Using Ingest actions in Splunk to export to non AWS S3 and how to import the data back from non AWS…
In this article you will see how you can use Ingest Actions in splunk to redirect data into S3-compatible storage. And how to retrieve it…
Using Ingest actions in Splunk to export to non AWS S3 and how to import the data back from non AWS S3
In this article you will see how you can use Ingest Actions in splunk to redirect data into S3-compatible storage. And how to retrieve it back from S3 into the splunk index.
Wait you might say, there is a AWS Add-On which is capable of ingesting from S3 you might say ? Yes and no….
It only is compatible to AWS S3 implementations, so the UI elements are restricted to AWS stuff.
So I had to develop my own.
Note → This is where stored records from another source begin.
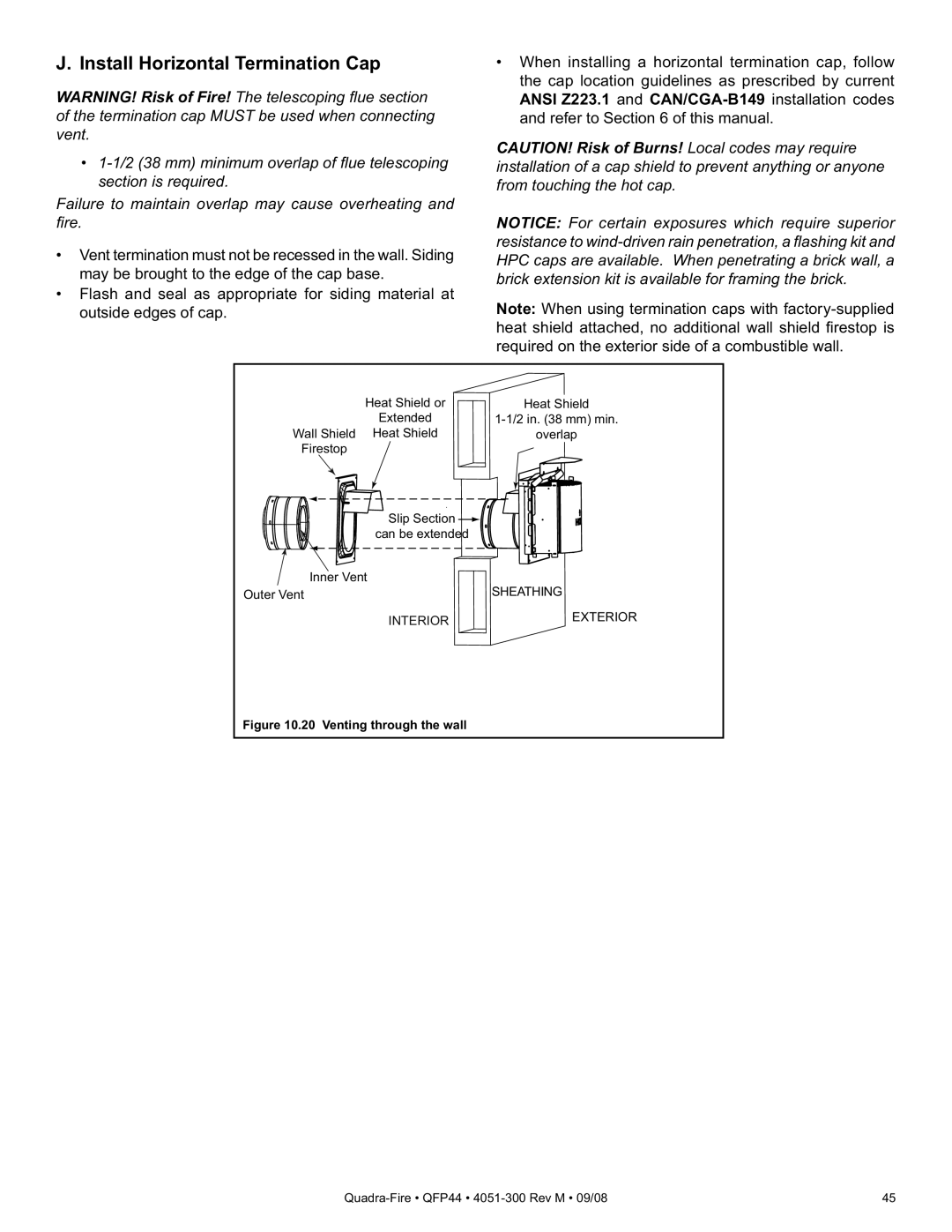 Quadra-Fire QFP44 owner manual Install Horizontal Termination Cap, Venting through the wall 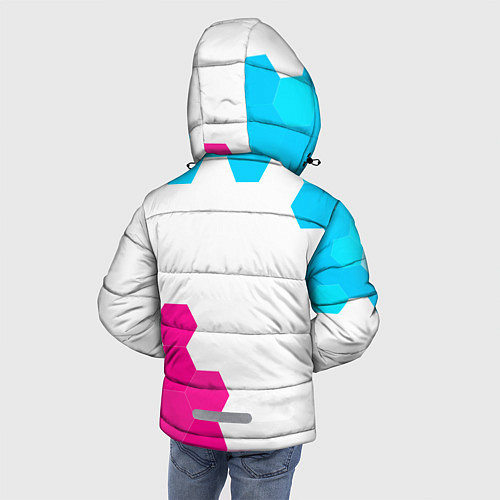 Зимняя куртка для мальчика Yamaha neon gradient style: надпись, символ / 3D-Черный – фото 4
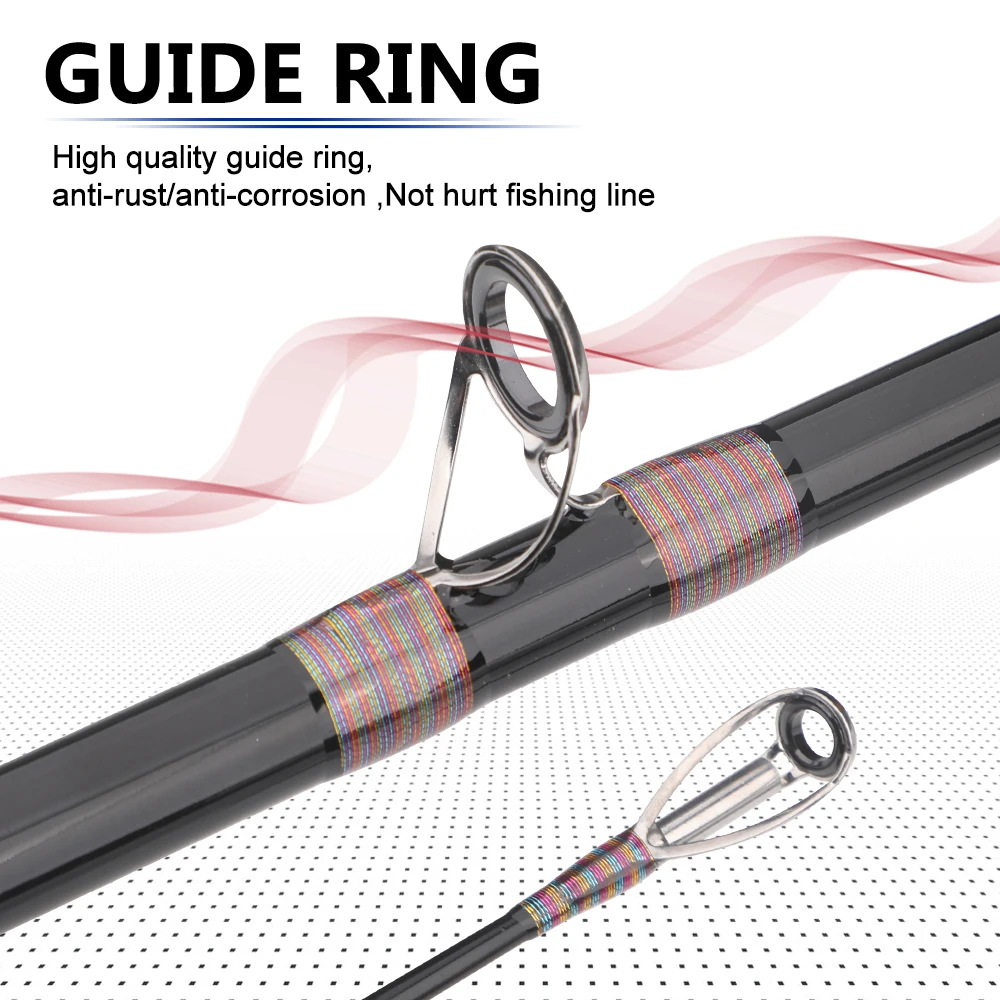 Caña de pescar de 3 secciones, gotero profundo de agua salada, caña de juego grande, caña de rodillo para barco convencional, caña de pescar de carbono - imagen 3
How ? HEC !
HEC ? … HTTP Event Collector
If you just want the script, go ahead, skip my walkthrough and learning path and get what you searched for, down below you can find the script
So now for the people who are willing to read throug my thought process.
Back story
A bit of a back story, you see if you do work with an API which is practical to implement into the REST API Modular Input from BaboonBones this is easy, but if you are not able to do so, you have to write you own script to get the data.
But you want it also in splunk, so how ? yeah you create an HTTP Event Collector, you can create basically an API token to post data right into the index queue and hope for the best.
No you have to format it in a specific way, ok you can just send the event field, but that is no fun.
What you really want to do is to send an event with all the original information you expect it to have, just when you would have collected it through the universal forwarder sooo:
- time
- source
- sourcetype
- host
- event
Now you have context.
So I knew that I can ingest data through an HEC, so I need to figure out how to connect to S3 and retrieve the data, and first check if this is at all usable data to work with, what splunk exports onto the S3 bucket.
But first lets get some data to go from the index queue out to the S3 bucket.
Configure Ingest actions to route data to S3 destination
Starting with the destination, you can configure it on the indexer manager, or on a search head connected, I assume you have the correct permissions going forward.
- So you select Settings > Ingest Actions under DATA
- Now you select Destinations
- You Add a Destination
- Now enter a unique name for the destination, I call it like s3-$sourcetype-$usecase
- Enter your S3 Endpoint URL, just type it in, the Dropdown is not a restriction, it states it also there that you can enter anything
- Enter your S3 Bucket, Folder (I set it to the name of the destination)
- Enter your Access ID und Secret Key
- Check with Test connection.

Please make sure under Advanced Options to disable Compression and enable the JSON format, so you can read it properly

So you now have a Destination.
Now go into Rulesets, click Add Rule
- Give it a name, I did also like s3-$sourcetype-$usecase
- Then select the sourcetype you would like to intercept
- Select a sample size to design the filter rule
- Click on Apply
- Then add a rule “Route to Destination”
- Select EVAL and create a rule like
source="WinEventLog:Security" AND match(_raw,"<EventID>4624</EventID>")
- Now remove “Default Destination”
- Select your specified new Destination for S3
- Your are done, now all Events matching that rule are now setup to be redirect to S3 and not ingested


Ingesting back into splunk
So now have a look onto S3 and view the files created.
As you see that out of luck your json files are just lists of event data formatted in a specific format.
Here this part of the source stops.